### SOURCE RECORDS

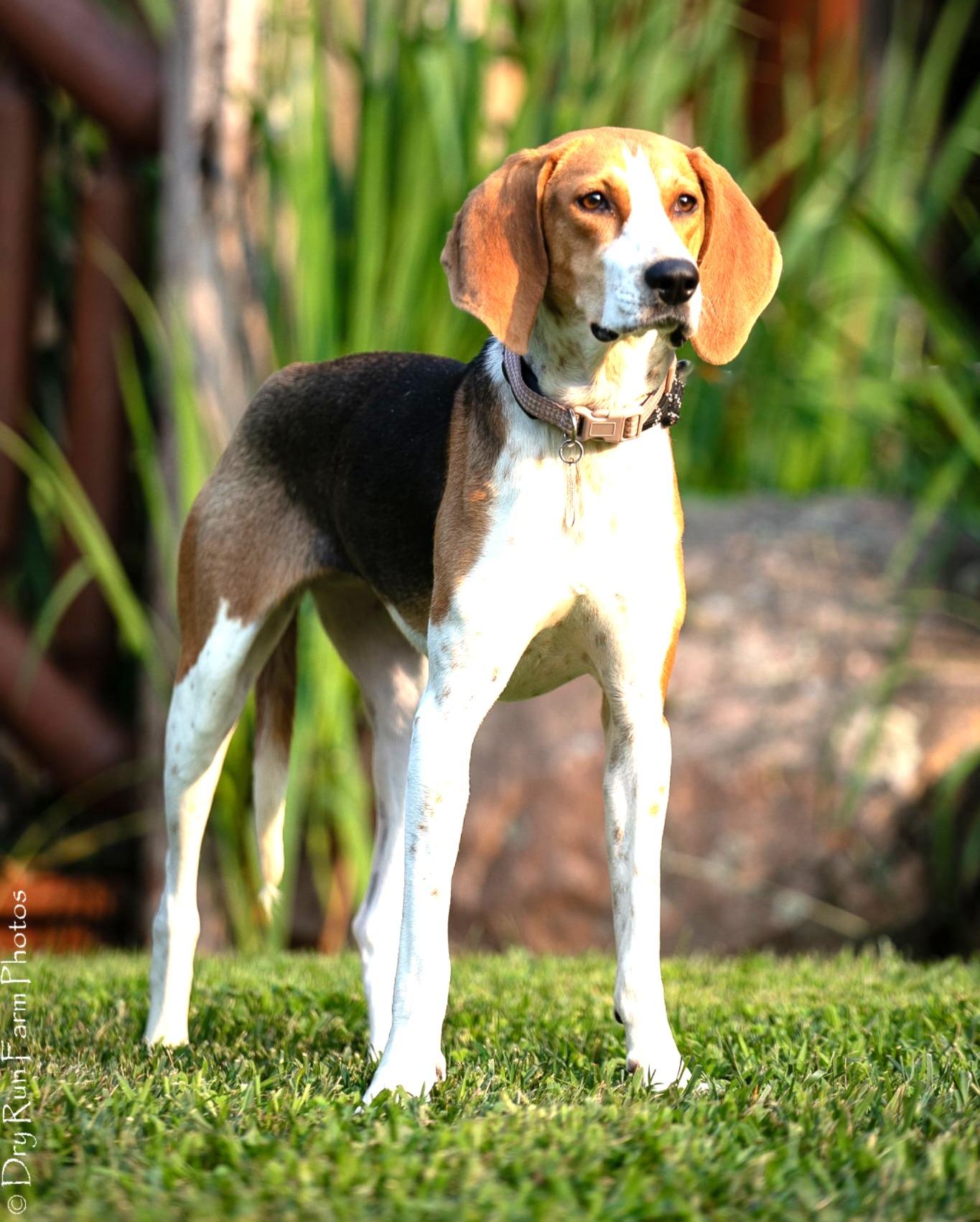 Enlarge Chrissy, a ADOPTABLE mixed breed in Lexington, MA image 3/5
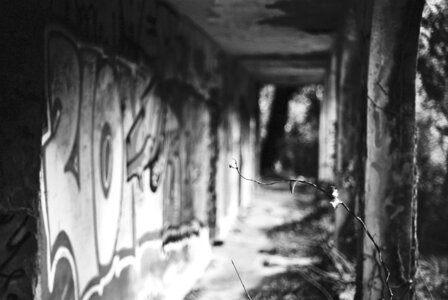 Retouches_argentique, 000038_01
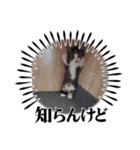 ほのぼのみなどん（個別スタンプ：12）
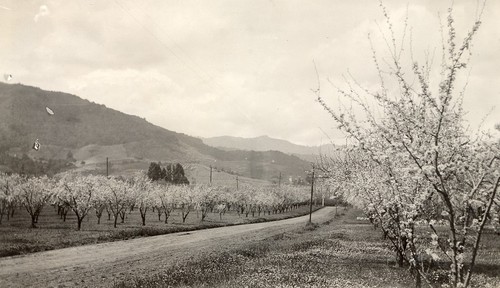 Blossom Time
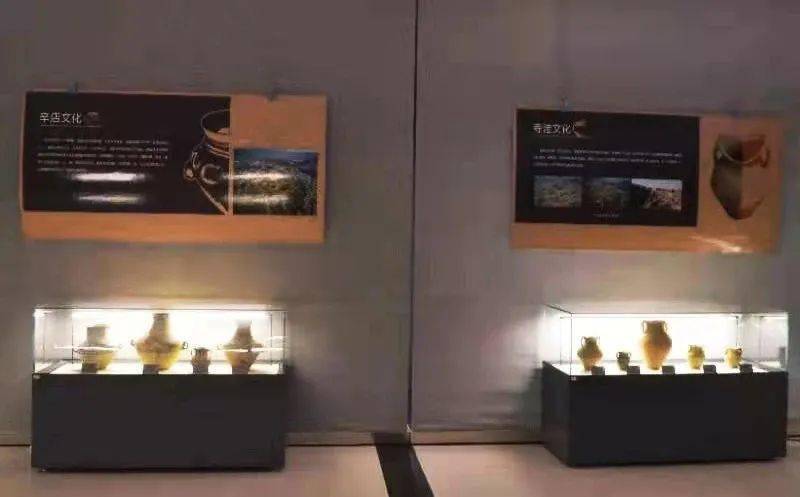 二,花卉艺术展 展览地点:金川区花文化博览馆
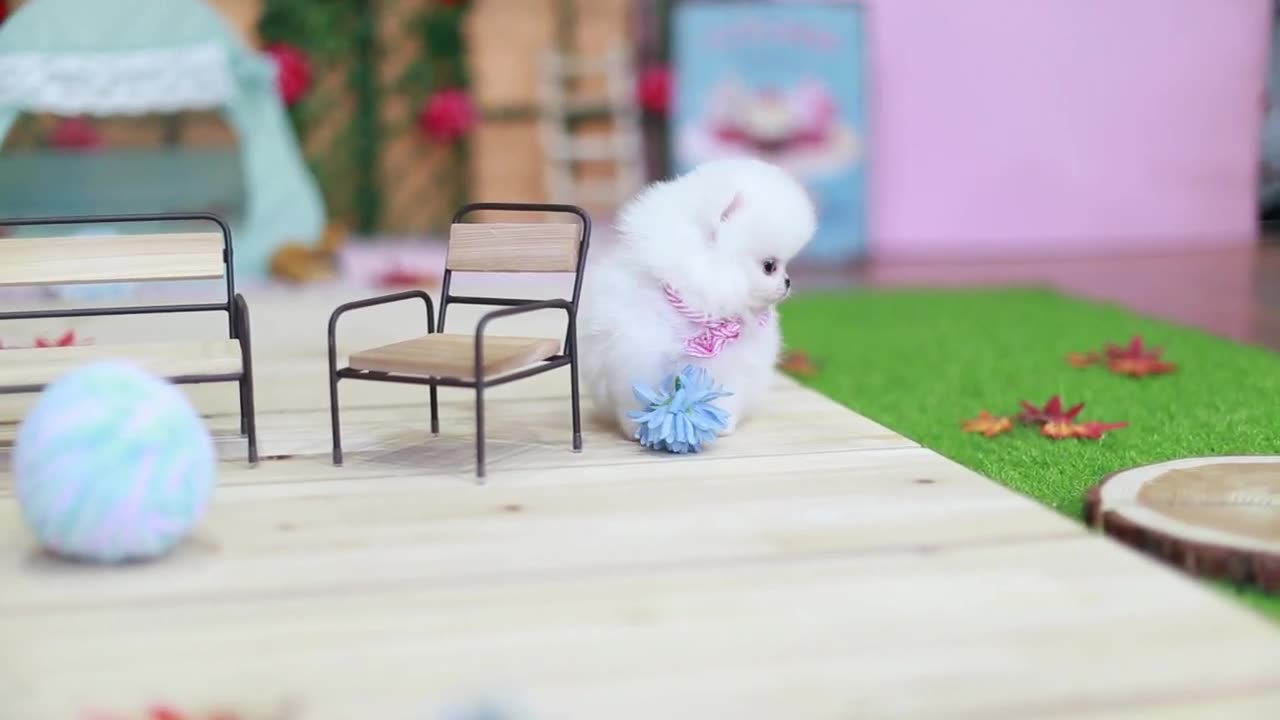 Pet care video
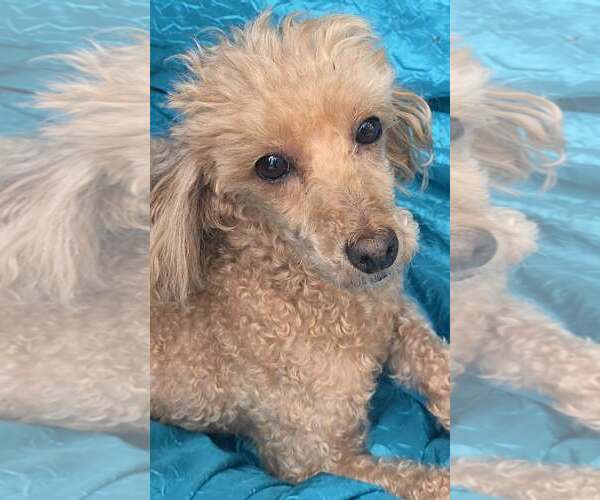 Medium Photo #3 Mutt Puppy For Sale in Cuba, NY, USA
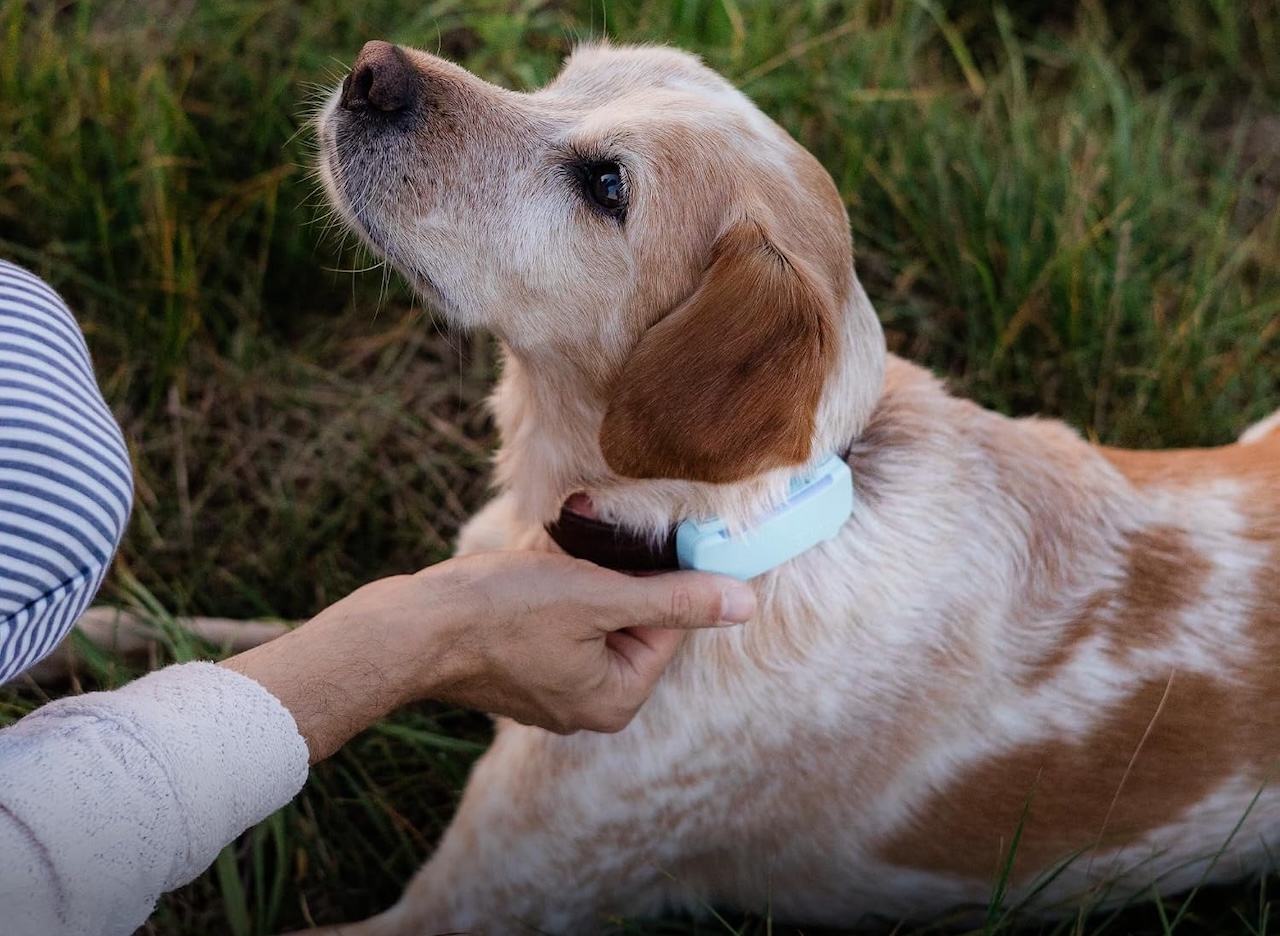 Tractive Smart Dog GPS Tracker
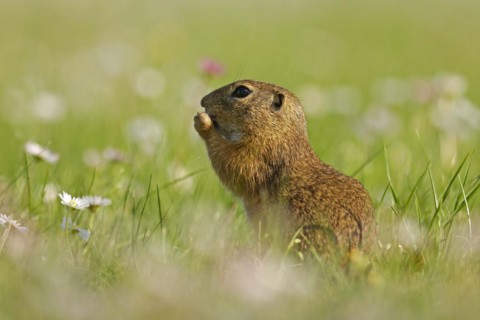 Gopher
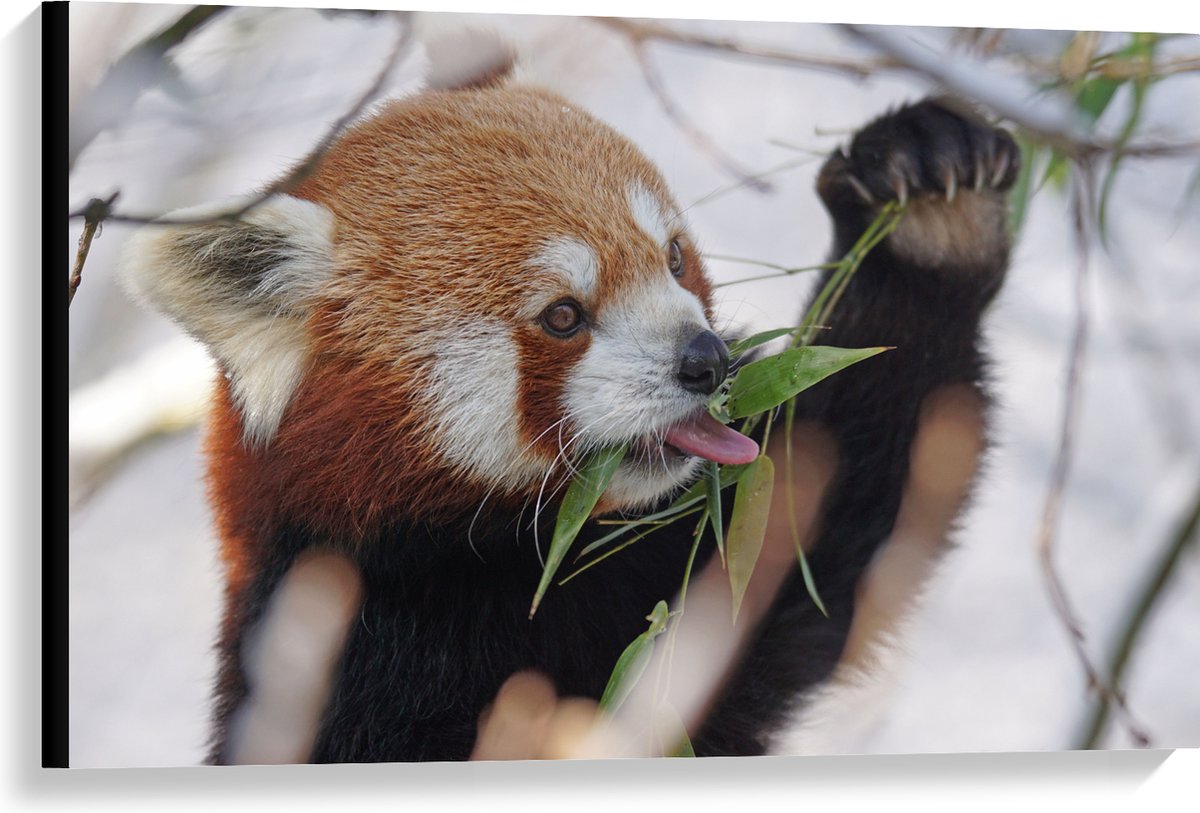 WallClassics - Canvas - Kleine Panda Etend aan Blaadje - 90x60 cm Foto op Canvas Schilderij (Wanddecoratie op Canvas)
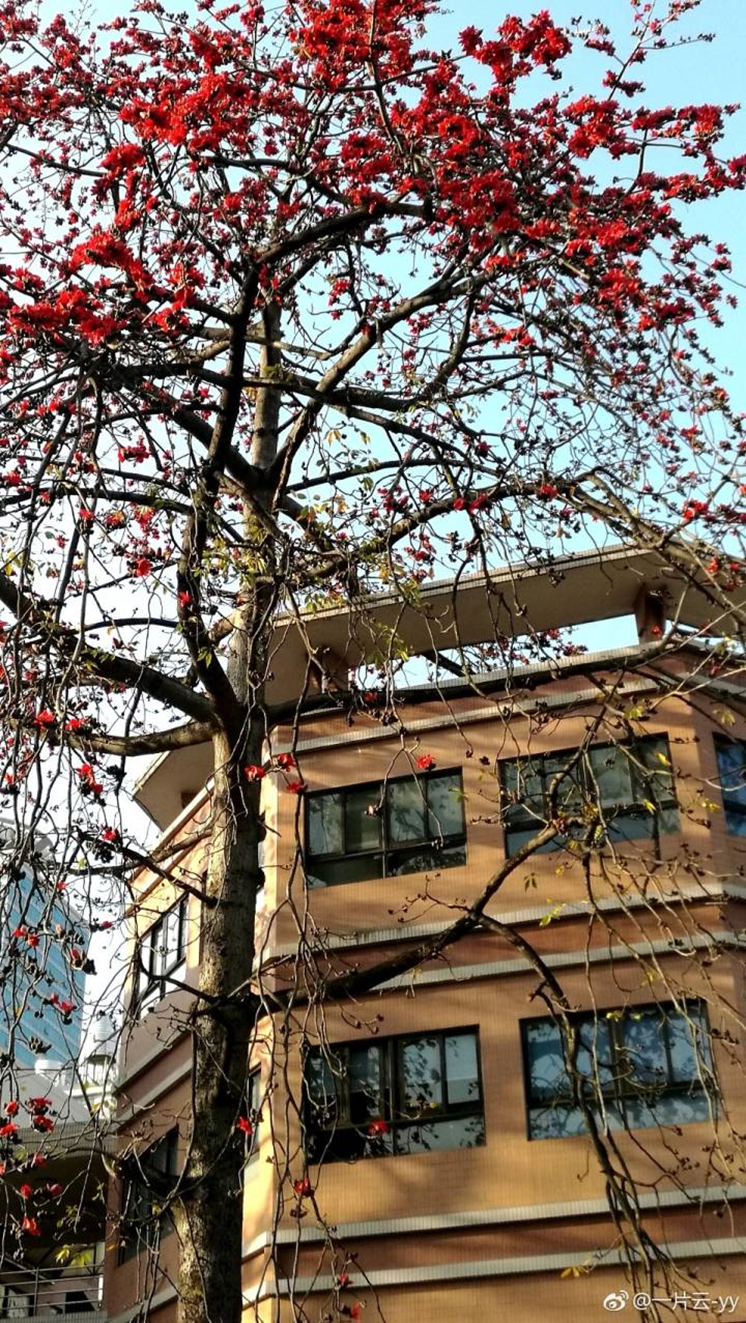 太美腻！这些高校校花哪个是你的理想型？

######

## ASSIGNMENT
The required output is every line from the one containing "Tractive Smart Dog GPS Tracker" through the last line of the data above, restated exactly and without pictures.

## REPLY TO THE TASK
 Tractive Smart Dog GPS Tracker
 Gopher
 WallClassics - Canvas - Kleine Panda Etend aan Blaadje - 90x60 cm Foto op Canvas Schilderij (Wanddecoratie op Canvas)
 太美腻！这些高校校花哪个是你的理想型？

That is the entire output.